L’analyse ligne par ligne des relations TET dans le rapport Duron a l’inconvénient majeur de tronçonner la vision générale des TET, et donc de ne pas tenir compte de l’impact d’un « effet réseau » ni même d’un simple « effet ligne » en raison du classement dit faible d’un tronçon qui totaliserait moins de 30 % du trafic de l’ensemble de la ligne. Une démarche qui mène à des résultats étonnants, comme dans le cas de l’axe à très fort trafic Paris–Rouen–Le Havre, puisque le tronçon terminal Rouen–Le Havre peut être mis sur la sellette car il n’assure “que” 28 % de l’ensemble des trafics de la ligne, contre 72 % pour la section Paris–Rouen. Ce trafic, pourtant très supérieur à celui de très nombreuses autres lignes de TET, amène presque mécaniquement le rapport à proposer « l’adaptation » (comprendre: la diminution) des fréquences sur le tronçon terminal!

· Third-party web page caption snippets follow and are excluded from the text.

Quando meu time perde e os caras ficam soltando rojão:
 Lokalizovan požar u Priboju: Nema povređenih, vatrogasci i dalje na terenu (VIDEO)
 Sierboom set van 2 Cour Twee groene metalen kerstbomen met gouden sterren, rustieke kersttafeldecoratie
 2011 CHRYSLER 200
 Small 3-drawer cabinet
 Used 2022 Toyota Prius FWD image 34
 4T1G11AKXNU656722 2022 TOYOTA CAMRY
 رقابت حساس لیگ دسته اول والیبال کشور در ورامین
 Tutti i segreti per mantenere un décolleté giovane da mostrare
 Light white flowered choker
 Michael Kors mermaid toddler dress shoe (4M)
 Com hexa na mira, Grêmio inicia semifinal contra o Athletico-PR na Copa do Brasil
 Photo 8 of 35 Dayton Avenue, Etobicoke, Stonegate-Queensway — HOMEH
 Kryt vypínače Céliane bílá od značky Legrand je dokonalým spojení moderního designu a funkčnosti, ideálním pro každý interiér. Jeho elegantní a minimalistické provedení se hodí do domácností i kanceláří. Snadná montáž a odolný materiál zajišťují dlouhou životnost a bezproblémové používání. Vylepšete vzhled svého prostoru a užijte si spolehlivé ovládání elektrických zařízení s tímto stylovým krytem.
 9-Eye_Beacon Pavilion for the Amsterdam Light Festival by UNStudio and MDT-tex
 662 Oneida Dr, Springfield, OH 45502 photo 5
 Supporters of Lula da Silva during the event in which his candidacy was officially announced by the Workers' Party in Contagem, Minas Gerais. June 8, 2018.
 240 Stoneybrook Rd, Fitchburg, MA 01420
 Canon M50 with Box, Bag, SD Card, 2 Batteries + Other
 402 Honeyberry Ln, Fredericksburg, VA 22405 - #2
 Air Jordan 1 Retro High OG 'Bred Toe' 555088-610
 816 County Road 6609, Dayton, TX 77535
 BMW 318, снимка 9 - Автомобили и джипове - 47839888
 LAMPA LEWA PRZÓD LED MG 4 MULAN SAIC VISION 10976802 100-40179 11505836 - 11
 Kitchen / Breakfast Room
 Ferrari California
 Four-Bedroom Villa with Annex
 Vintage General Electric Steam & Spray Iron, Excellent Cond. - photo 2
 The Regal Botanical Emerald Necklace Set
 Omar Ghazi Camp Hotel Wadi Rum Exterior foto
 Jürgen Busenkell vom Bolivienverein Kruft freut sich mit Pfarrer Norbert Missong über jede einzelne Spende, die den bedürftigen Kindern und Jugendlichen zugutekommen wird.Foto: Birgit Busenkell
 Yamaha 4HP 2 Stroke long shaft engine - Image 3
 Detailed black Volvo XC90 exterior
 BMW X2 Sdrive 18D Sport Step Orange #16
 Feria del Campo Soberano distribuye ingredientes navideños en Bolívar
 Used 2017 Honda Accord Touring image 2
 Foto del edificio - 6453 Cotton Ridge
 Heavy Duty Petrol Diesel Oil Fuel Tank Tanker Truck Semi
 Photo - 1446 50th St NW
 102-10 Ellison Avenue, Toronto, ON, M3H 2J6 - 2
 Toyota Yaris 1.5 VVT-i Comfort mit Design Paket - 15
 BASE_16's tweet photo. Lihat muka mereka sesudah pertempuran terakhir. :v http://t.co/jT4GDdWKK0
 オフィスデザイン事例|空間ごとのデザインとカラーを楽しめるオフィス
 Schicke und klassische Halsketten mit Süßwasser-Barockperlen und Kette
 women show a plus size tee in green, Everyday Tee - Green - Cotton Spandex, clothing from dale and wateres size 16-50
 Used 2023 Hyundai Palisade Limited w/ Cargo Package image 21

À cet inconvénient de la méthode, on peut ajouter celui d’une mise en avant des coûts sans véritable confrontation avec le service rendu, puisque ce tronçonnage des lignes vise à rappeler qu’en raison des « contraintes d’exploitation, les rames utilisées poursuivent dans leur composition intégrale leur desserte jusqu’au terminus ».
Une argumentation si proche de celle qu’utilise la SNCF en évoquant les coûts jugés prohibitifs des TGV qui poursuivent des parcours sur lignes classiques, qu’on pourrait la croire calquée! Car à la différence des pays voisins comme l’Allemagne, le système d’exploitation SNCF des trains rapides et express classiques a voulu éliminer au maximum les rames à destinations et compositions multiples qui permettent d’ajouter ou d’enlever des voitures dans les gares de bifurcation. Une élimination jugée nécessaire en raison des coûts des manœuvres dans les gares d’éclatement et de regroupement des tranches de trains, comme de l’impact, jugé négatif sur les durées de parcours, des temps d’arrêts dans ces mêmes gares.